-------- Recorded information --------
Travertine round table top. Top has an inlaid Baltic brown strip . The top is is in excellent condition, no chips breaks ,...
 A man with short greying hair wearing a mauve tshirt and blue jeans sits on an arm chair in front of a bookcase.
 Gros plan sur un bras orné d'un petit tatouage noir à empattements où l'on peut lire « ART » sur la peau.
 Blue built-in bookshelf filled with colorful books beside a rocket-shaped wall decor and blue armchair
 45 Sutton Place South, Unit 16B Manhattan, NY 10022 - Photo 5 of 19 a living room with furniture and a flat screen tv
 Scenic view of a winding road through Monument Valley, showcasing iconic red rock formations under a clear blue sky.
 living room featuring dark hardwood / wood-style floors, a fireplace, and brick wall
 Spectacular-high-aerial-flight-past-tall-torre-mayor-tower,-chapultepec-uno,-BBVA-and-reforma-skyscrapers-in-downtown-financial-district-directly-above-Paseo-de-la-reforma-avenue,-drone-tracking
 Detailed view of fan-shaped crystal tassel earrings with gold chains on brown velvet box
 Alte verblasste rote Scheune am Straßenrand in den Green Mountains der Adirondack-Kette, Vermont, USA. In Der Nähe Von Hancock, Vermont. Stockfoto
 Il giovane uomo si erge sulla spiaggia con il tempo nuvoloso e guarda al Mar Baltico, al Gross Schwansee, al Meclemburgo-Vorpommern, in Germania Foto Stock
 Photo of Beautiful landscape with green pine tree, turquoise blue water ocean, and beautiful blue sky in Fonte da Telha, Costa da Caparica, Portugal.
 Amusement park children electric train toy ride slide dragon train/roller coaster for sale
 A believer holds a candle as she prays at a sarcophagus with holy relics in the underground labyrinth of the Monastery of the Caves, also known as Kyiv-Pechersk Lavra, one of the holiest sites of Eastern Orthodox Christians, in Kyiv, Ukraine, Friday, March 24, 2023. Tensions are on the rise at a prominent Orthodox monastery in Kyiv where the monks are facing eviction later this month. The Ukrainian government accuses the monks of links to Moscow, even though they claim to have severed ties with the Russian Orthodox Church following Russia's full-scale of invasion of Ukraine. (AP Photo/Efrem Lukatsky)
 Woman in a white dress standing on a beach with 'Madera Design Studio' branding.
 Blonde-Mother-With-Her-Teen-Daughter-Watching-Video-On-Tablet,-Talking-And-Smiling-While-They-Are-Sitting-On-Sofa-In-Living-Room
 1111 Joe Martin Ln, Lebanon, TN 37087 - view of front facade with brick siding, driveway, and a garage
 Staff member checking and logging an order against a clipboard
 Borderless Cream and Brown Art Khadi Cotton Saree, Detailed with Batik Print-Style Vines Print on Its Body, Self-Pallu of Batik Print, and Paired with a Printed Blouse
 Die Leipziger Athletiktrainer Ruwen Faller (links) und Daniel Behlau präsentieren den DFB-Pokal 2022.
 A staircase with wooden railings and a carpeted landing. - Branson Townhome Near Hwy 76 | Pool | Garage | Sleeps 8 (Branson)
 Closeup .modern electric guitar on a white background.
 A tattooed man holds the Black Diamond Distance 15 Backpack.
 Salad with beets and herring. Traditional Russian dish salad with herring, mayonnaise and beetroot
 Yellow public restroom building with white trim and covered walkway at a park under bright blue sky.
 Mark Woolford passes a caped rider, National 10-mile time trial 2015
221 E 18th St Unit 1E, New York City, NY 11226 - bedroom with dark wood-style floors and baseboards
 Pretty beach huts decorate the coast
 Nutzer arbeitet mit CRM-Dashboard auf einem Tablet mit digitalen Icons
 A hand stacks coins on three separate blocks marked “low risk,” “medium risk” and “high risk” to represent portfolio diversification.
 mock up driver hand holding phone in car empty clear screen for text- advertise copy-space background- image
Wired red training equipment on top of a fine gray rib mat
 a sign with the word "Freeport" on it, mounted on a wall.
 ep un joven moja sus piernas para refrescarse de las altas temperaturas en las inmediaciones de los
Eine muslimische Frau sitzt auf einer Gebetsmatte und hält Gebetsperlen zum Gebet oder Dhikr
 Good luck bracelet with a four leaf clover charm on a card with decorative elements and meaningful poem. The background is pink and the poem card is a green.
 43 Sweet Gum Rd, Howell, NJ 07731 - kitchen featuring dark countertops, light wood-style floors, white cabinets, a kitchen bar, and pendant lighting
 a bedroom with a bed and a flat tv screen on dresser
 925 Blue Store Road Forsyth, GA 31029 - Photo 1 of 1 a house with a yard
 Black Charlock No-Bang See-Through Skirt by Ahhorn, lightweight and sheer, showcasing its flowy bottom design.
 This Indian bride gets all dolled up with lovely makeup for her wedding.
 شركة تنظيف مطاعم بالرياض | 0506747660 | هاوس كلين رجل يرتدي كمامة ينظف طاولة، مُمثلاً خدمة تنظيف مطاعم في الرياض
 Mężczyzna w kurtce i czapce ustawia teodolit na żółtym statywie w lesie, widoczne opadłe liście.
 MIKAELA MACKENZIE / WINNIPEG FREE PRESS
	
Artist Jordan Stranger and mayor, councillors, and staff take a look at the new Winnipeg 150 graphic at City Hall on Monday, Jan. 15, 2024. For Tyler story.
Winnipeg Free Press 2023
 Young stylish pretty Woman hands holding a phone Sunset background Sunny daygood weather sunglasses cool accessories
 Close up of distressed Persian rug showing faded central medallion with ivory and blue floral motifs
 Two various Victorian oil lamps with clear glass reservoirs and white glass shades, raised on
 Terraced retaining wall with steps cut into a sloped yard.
--------
• Action item:
Repeat, exactly and only, the lines from the beginning of the material through the line that contains "Detailed view of".

• Response:
Travertine round table top. Top has an inlaid Baltic brown strip . The top is is in excellent condition, no chips breaks ,...
 A man with short greying hair wearing a mauve tshirt and blue jeans sits on an arm chair in front of a bookcase.
 Gros plan sur un bras orné d'un petit tatouage noir à empattements où l'on peut lire « ART » sur la peau.
 Blue built-in bookshelf filled with colorful books beside a rocket-shaped wall decor and blue armchair
 45 Sutton Place South, Unit 16B Manhattan, NY 10022 - Photo 5 of 19 a living room with furniture and a flat screen tv
 Scenic view of a winding road through Monument Valley, showcasing iconic red rock formations under a clear blue sky.
 living room featuring dark hardwood / wood-style floors, a fireplace, and brick wall
 Spectacular-high-aerial-flight-past-tall-torre-mayor-tower,-chapultepec-uno,-BBVA-and-reforma-skyscrapers-in-downtown-financial-district-directly-above-Paseo-de-la-reforma-avenue,-drone-tracking
 Detailed view of fan-shaped crystal tassel earrings with gold chains on brown velvet box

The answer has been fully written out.